C.L. v. Commonwealth of Kentucky, Cabinet for Health and Family Services; B.H., A Minor; and Commonwealth of Kentucky, Office of Lewis County Attorney, Case No. 2021-CA-1188-ME; C.L. v. Commonwealth of Kentucky, Cabinet for Health and Family Services; Commonwealth of Kentucky, Office of Lewis County Attorney; and L.L., A Minor, Case No. 2021-CA-1192-ME; C.L. v. Commonwealth of Kentucky, Cabinet for Health and Family Services; A.L., A Minor; and Commonwealth of Kenticky, Office of Lewis County Attorney, Case No. 2021-CA-1194-ME; C.L. v. Commonwealth of Kentucky, Cabinet for Health and Family Services; Commonwealth of Kentucky, Office of Lewis County Attorney; and K.L., A Minor, Case No. 2021-CA-1197-ME
The Lewis County Family Court found that a mother of four abused or neglected her children as a result of lack of parental care or risk of abuse or neglect. The family court relied on Mother’s alleged false allegations regarding sexual abuse, consumption of alcohol, or alleged mental health issues in making its determination.
Mother reported to law enforcement that one of her children, namely K.L., was sexually abused by her ex-partner. Following said report, Mother had several interactions with law enforcement, Cabinet for Health and Family Services professionals, and a children’s advocacy center, where individuals assigned to the case were concerned about Mother’s alcohol use and potential mental health issues.
The Cabinet filed a dependency, neglect, and abuse (DNA) action alleging the children were abused or neglected and emergency custody was granted to the children’s maternal grandmother. Numerous professionals testified at the subsequent adjudication hearing in the case regarding their interactions and concerns relating to Mother’s ability to care for the children; however, Mother moved to dismiss the Cabinet’s petition on the ground that the Cabinet did not meet its burden in showing the children were at risk or abuse or neglect.
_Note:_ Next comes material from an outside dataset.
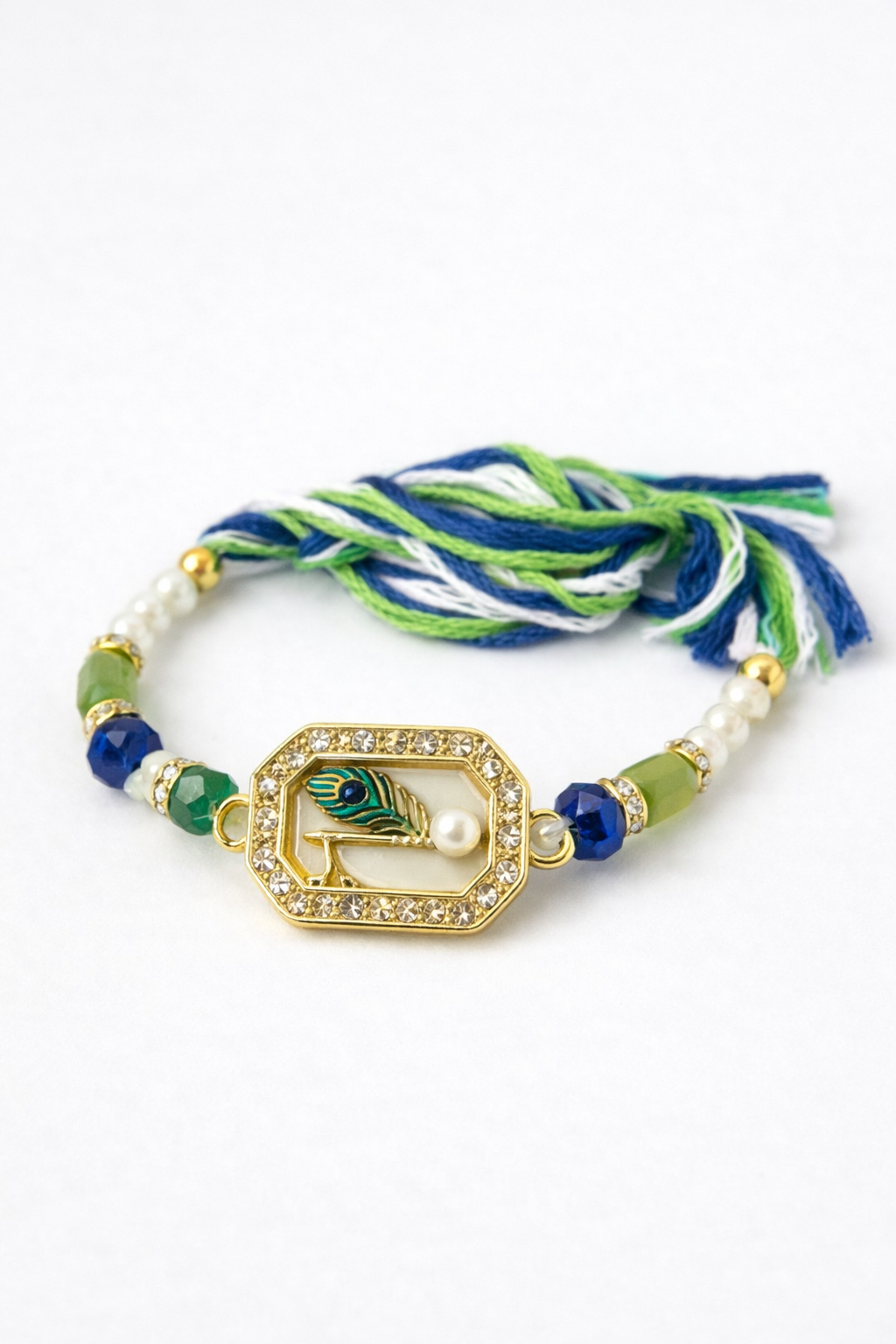 Peacock Grace Enamel Rakhi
Mother also moved the children be interviewed in camera. Both motions were denied.
The Lewis County Family Court specifically found that “Mother makes false allegations as to sexual abuse of one child (3 times in 14 months) – Also, mother drinks + children are afraid when this happens with [Mother’s boyfriend]. Mother[’]s actions demonstrate mental health issues. Risk of harm for children.” Further, the family court determined abuse or neglect was proven by a preponderance of the evidence supporting removal of the children from Mother’s care and supervision. Mother filed a motion to reconsider/alter, amend, or vacate, which was denied. Subsequently, at the dispositional hearing, the family court determined removal and continued placement with maternal grandmother was in the best interest of the children. This appeal followed.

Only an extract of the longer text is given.